Rodrigo Ballester : Comme je le disais, le phénomène est difficile à quantifier. Comment mesurer le nombre d’embarcations dissuadées de prendre le large, comment savoir exactement combien de migrants sont décédés en mer ? Mais encore une fois, malgré ces précautions, il serait absurde de nier qu’une politique migratoire laxiste favorise la migration illégale et vice-versa. Nier l’appel d’air car il ne serait pas totalement quantifiable est un raccourci qui ne tient pas la route. Donc, à mon avis, les chiffres dont vous parlez confirment, au moins en partie, que refuser le chantage des « ONGs » sauve des vies, surtout dans le cas de l’Italie dès lors que la majorité des départs ont lieu de Tunisie et de Libye.
N’oublions pas non plus l’ampleur du phénomène : selon l’UE, depuis 2015, 22.000 vies seraient à déplorer alors que Frontex aurait effectué 610.000 sauvetages. Par ailleurs, 90% des migrants illégaux font appel aux passeurs et trafiquants pour atteindre l’Europe, un « business » de plusieurs milliards d’euros, et d’approximativement 200 millions rien que sur les routes qui traversent la Méditerranée. Donc, soyons sincères, si les ONGs n’étaient pas en mesure de patrouiller et que les migrants étaient sauvés en mer et rapatriés dans le port le plus sûr sur le continent africain, ces chiffres seraient-ils aussi élevés ?
Une anecdote : lors d’une mission en Éthiopie, je me souviens du représentant d’une ONG présente dans les camps de réfugiés se plaindre amèrement des missions de sauvetage de Frontex, reprochant à cette agence de faire le taxi pour les trafiquants et d’inciter les personnes tassées dans ces camps de fortune à retenter une énième fois « l’aventure ».
Que penserait-il de l’Ocean Viking ?
Jean-Paul Gourévitch : Depuis une dizaine d’années, le nombre de morts en Méditerranée oscille entre 0,5 et 3% des tentatives de passage, au point qu’on peut légitimement parler d’un « cimetière marin ». Imputer les variations de cette courbe au changement de politique du gouvernement de tel ou tel état me parait hasardeux. Ceux des pays qui ont une politique migratoire ferme et assumée comme l’Australie ont effectivement découragé les tentatives et par conséquent réduit corrélativement le nombre des victimes.
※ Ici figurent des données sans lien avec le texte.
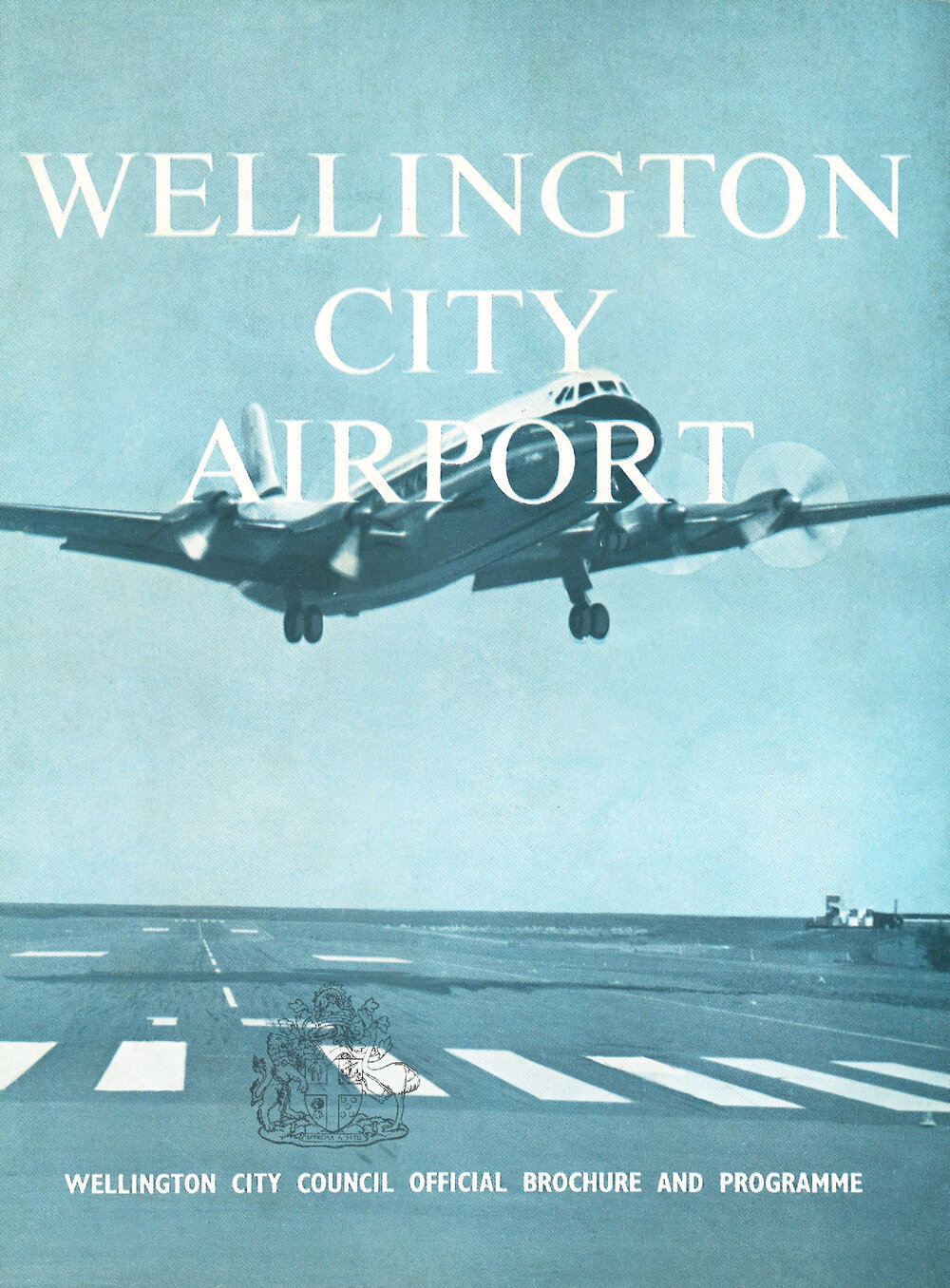 Wellington City Airport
Mais chacun sait aujourd’hui que l’Europe n’est ni une île ni une forteresse et que l’immigration zéro est un leurre. Que ce soit avec les exemples danois, états-uniens, australiens ou italiens (ou autres), a-t-on des données permettant d’attester de la matérialité de cet appel d’air ?
Rodrigo Ballester : Si par « appel d’air » on entend le nombre exact d’embarcations qui sont encouragées d’en faire autant que l’Ocean Viking car la France a finalement accueilli les migrants que l’Italie a refusé, alors, à ma connaissance, il n’y a pas de données exactes même si cela reste très plausible. Si tous les ports européens étaient fermés, les trafiquants, passeurs et migrants prendraient-ils les mêmes risques ? Bien sûr que non et en toute probabilité, moins de migrants mourraient pendant la traversée. Il ne faut surtout pas que cette polémique sur l’effet « appel d’air » occulte la réalité sordide du trafic d’êtres humains, de migrants que les passeurs exploitent et traitent comme du bétail avec cynisme et des « ONGs » qui sont complices de ce sinistre trafic. Notons, par ailleurs, que de nombreux États ont décidé de se montrer plus fermes. Que ce soit en construisant des barrières (Espagne, depuis longtemps, Hongrie, Pologne, Lituanie), en restreignant ou délocalisant le droit d’asile (Danemark, Royaume-Uni) ou en refusant l’accueil des bateaux (Italie, mais aussi Malte et Chypre, qui se sont montrés solidaires de Rome), la tendance est claire : juguler la migration irrégulière, ne plus faire le jeu des trafiquants et des passeurs et mieux contrôler les frontières européennes. Ces initiatives vont-elles se traduire par une baisse significative de la migration illégale ? Pourra-t-on quantifier l’effet dissuasif de frontières bien défendues ? Voilà une question bien plus intéressante.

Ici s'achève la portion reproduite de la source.